Hudson and other Republicans largely sidestepped discussing how to move forward on NG911 funding during Tuesday's hearing. Hudson said he continues to support funding for NG911 and acknowledged that “funding is an issue, but are there other things Congress can do to sort of help cut through and make this nationwide deployment possible?” Rep. Jay Obernolte, R-Calif., noted that “everyone here on the dais would completely agree that this is something we have to put across the finish line,” but he then questioned advocates’ view that the federal government needs to provide $15 billion for NG911. “These call centers … already have computers, [and] from my standpoint, NG911 is just software,” he said. “How on earth does it cost $15 billion? Where does that money go if it's just software that we’re talking about?”

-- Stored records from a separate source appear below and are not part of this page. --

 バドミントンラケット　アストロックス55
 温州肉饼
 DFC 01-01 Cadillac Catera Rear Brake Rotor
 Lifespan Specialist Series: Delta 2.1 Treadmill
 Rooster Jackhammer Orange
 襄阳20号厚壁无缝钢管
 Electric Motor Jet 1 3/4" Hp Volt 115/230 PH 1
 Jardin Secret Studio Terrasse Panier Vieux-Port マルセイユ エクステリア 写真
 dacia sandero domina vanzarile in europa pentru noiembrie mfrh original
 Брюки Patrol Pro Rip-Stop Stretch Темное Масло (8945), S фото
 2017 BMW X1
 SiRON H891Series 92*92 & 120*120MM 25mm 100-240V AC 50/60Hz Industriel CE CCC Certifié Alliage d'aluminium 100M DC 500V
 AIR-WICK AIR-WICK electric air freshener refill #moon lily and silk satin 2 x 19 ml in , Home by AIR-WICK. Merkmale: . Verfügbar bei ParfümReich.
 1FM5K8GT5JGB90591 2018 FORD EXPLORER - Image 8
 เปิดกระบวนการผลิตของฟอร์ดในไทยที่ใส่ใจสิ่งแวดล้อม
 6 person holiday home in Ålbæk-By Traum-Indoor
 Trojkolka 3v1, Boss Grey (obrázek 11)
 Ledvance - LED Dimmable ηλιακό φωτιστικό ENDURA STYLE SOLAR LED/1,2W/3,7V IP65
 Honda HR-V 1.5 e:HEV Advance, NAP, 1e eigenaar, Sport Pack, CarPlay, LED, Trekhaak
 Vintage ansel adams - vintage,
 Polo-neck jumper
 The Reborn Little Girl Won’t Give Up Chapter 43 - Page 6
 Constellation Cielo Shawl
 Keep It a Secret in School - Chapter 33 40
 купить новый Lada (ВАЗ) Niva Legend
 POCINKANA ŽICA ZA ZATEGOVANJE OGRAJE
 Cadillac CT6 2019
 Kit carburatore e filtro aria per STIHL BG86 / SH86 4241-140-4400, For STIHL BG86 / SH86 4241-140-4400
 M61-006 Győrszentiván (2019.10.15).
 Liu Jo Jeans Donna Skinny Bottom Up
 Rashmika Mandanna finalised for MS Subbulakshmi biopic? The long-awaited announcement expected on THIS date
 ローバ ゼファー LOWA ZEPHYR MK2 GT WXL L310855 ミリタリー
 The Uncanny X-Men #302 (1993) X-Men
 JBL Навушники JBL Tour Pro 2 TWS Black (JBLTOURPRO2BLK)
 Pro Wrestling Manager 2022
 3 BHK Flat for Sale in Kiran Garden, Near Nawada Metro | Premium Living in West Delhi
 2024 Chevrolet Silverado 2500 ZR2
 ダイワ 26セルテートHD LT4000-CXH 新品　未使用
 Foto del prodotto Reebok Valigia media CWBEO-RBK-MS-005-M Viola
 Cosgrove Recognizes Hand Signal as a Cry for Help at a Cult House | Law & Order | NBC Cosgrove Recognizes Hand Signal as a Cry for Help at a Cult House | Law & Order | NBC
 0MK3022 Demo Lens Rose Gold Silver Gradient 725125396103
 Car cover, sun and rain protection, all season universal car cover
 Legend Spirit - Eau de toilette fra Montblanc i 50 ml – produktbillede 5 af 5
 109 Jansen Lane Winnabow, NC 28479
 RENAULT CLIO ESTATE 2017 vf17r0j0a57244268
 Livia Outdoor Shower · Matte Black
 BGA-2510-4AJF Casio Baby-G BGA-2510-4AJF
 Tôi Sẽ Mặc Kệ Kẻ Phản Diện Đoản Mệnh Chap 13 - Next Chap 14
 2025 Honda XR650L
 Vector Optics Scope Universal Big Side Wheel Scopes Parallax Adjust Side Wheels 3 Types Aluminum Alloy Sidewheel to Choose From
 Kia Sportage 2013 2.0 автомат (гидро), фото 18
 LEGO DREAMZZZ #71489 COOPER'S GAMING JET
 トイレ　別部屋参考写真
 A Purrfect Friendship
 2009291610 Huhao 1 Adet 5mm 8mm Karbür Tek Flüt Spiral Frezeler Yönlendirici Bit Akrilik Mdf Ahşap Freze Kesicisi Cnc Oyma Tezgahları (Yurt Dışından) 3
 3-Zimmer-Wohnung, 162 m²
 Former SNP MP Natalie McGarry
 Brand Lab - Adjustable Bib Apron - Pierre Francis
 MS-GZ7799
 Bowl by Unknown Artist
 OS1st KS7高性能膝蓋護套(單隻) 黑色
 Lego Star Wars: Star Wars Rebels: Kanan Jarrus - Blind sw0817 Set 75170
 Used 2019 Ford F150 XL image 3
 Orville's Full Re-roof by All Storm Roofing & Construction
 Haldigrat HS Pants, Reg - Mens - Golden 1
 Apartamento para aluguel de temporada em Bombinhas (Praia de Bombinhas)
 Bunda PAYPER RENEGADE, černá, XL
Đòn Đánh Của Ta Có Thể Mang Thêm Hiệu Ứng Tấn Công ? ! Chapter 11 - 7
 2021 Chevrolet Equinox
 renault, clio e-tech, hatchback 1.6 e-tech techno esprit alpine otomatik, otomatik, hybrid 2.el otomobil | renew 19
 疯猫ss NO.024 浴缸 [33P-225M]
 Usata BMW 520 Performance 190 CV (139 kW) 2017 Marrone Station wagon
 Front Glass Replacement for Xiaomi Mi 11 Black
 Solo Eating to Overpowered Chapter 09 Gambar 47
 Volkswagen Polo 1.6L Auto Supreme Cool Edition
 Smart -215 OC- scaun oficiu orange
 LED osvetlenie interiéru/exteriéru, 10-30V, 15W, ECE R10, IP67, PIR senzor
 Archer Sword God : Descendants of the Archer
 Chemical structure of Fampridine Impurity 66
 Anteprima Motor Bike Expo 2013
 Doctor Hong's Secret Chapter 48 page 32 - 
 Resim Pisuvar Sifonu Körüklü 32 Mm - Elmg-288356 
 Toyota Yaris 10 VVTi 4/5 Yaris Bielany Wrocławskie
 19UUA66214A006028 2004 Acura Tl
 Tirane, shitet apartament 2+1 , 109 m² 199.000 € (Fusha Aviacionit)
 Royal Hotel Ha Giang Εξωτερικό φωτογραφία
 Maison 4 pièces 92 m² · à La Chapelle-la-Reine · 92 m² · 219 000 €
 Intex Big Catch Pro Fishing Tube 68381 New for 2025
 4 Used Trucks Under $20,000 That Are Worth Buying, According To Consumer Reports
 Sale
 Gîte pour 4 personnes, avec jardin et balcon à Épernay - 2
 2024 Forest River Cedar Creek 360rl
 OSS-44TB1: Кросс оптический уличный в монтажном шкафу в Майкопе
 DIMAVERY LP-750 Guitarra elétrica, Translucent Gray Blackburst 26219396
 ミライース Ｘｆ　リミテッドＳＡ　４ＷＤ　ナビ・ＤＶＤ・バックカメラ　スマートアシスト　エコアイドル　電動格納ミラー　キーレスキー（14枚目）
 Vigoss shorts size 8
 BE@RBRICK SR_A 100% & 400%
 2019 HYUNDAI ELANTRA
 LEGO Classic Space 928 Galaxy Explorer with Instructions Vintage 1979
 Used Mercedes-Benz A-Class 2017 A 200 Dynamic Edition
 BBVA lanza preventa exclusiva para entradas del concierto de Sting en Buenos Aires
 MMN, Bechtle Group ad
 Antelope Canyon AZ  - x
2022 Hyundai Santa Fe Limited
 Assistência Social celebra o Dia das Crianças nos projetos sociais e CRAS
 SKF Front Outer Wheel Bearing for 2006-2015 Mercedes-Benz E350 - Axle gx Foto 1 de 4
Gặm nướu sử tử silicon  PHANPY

Former NENA CEO Brian Fontes repeatedly emphasized the importance of swift federal NG911 funding and his opposition to a new federal cost estimate for the technology. He countered Obernolte that NG911 “isn’t just software. Many of our 911 centers don’t even have broadband capabilities, so there’s that connectivity issue that has to take place. There also has to be the technology in the centers to enable the utilization of data and information coming in.” Fontes separately told Pallone that there are still “opportunities” for Congress to obligate spectrum revenue for NG911 for frequencies “that may not fall within the purview” of the pipeline language in the reconciliation package.
Meanwhile, in a letter to House Commerce Chairman Brett Guthrie, R-Ky., and other panel leaders, Association of Public-Safety Communications Officials President Jack Varnado said that Congress should enact “legislation to establish a federal grant program supporting the transition” to NG911.
Also at the hearing, San Bernardino, California, Sheriff Shannon Dicus urged Congress to adopt a “national standard” for governing NG911 to overcome “governance and policy issues” inherent in localities having differing structures. He advocated for “making sure we’re able to build out that critical infrastructure so that we can all communicate across” jurisdictional lines.